Monday, October 1, 2012

EPA Must Base Its Decisions on Science

According to an article by Cheryl Hogue in the September 10 issue of Chemical and Engineering News, the National Research Council has studied the activities of the EPA and recently issued a report. There were several recommendations, among which is a need for better coordination among the field offices of the EPA and its home Office of Research and Development. As a promoter of efficiency, that certainly sounds reasonable to me.

Of greater significance, the report suggests that the EPA must change how it studies and then acts on persistent and emerging environmental challenges such as climate change and human exposure to an increasing number of chemicals in the environment. Cheryl's report does not indicate any specific recommendations were made. However, I wholeheartedly agree with the objective. I believe the EPA is doing a reasonable job with respect to hazardous chemicals in the environment, but it is sorely deficient in its approach to climate change.
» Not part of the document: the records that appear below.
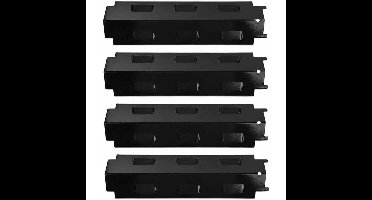 Accessoires voor radiatoren van 37 cm, compatibel met Char-Broil, Campingaz Fire Mountain CCLIFE LANDMANN en de meeste modellen barbecues met vlammen. Vervangende keramische stalen verwarmingsplaten - set van vier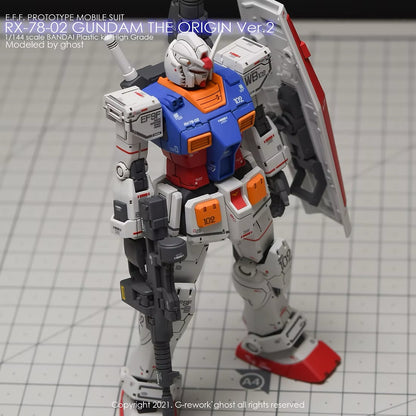 [HG] GTO GUNDAM RX-78-2 Water Decal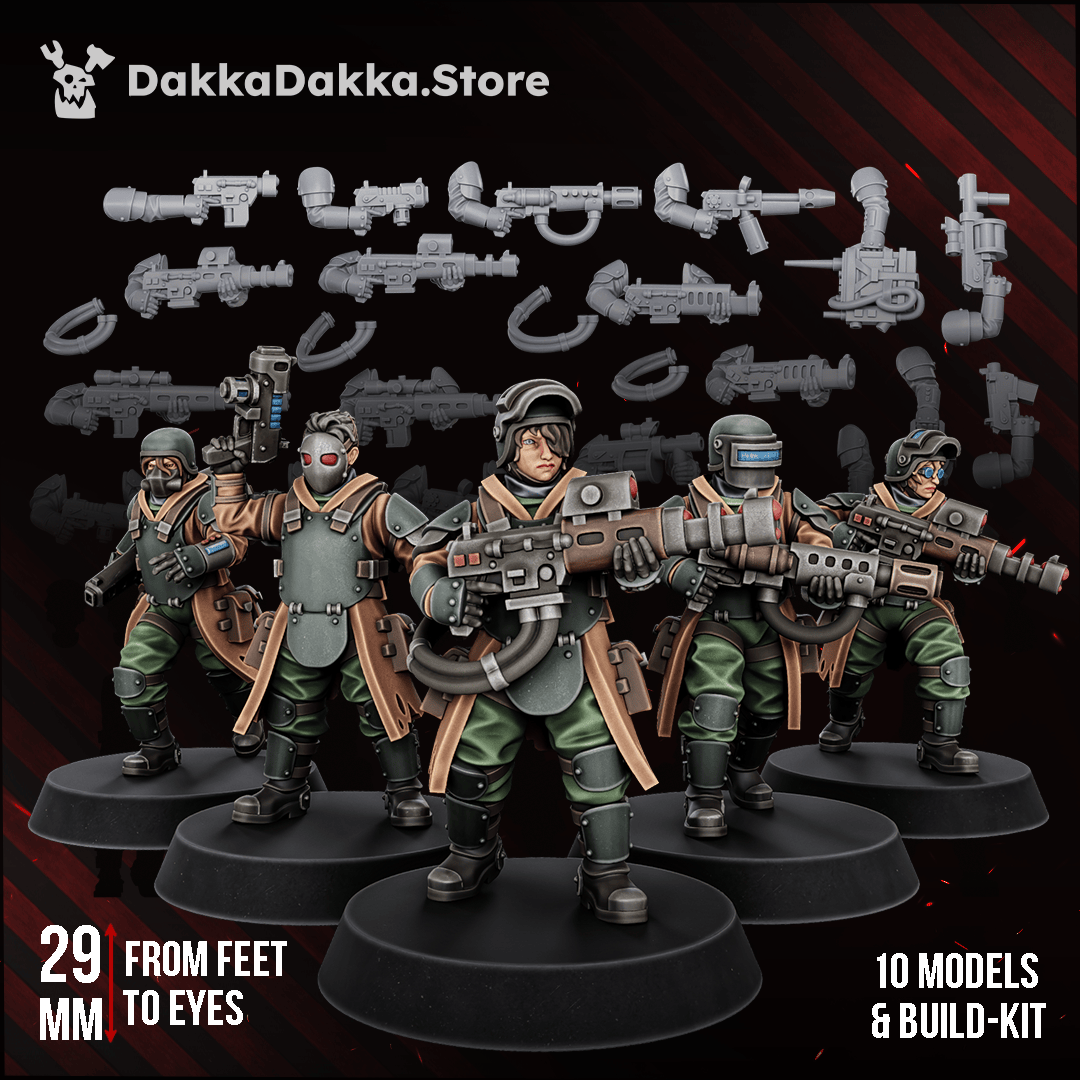 Tabletop Terrain Miniature The Alcat Rats Heavy Infantry (complete kit)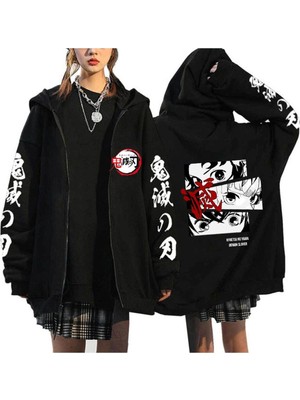 Tarzsokak Manga Baskılı Fermuarlı Sweatshirt Demon Slayer Mod.21 14548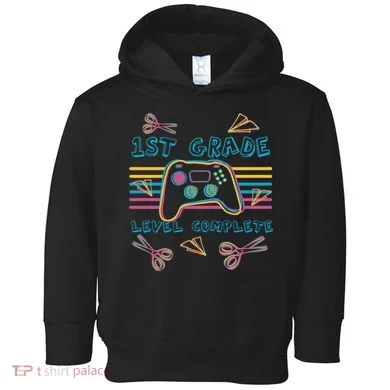 First Grade Level Complete Gamer Toddler Hoodie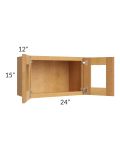 Madison Honey Shaker 24x15 Decorative Wall Cabinet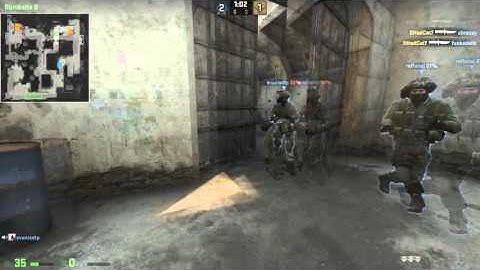 ESEA knife round 1v5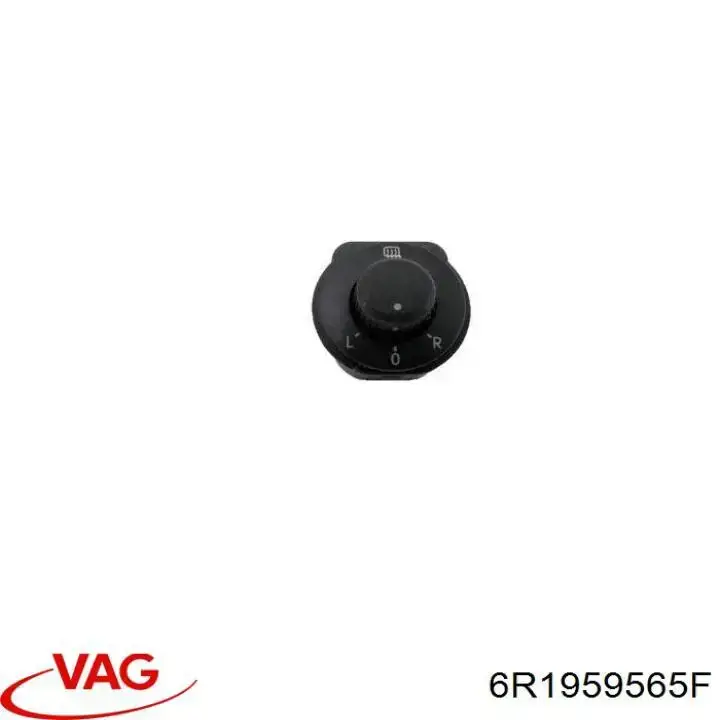 6R1959565F VAG Unidade de controlo dos espelhos de retrovisão, na porta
On climate change, the EPA appears to have made no specific scientific study to justify or discredit the theory that deleterious climate change is being caused by increased emissions of carbon dioxide to the atmosphere. Up to now, it appears that EPA has merely taken information from the emotional positions of climate change enthusiasts and has established and continues to establish regulations based on that unsupported theory.

We need some good scientific proof to show that carbon dioxide is an unusual greenhouse gas, in view of the fact that it's thermal resistivity is only slightly greater than that of other major components of the atmosphere and less than some of the other minor constituents.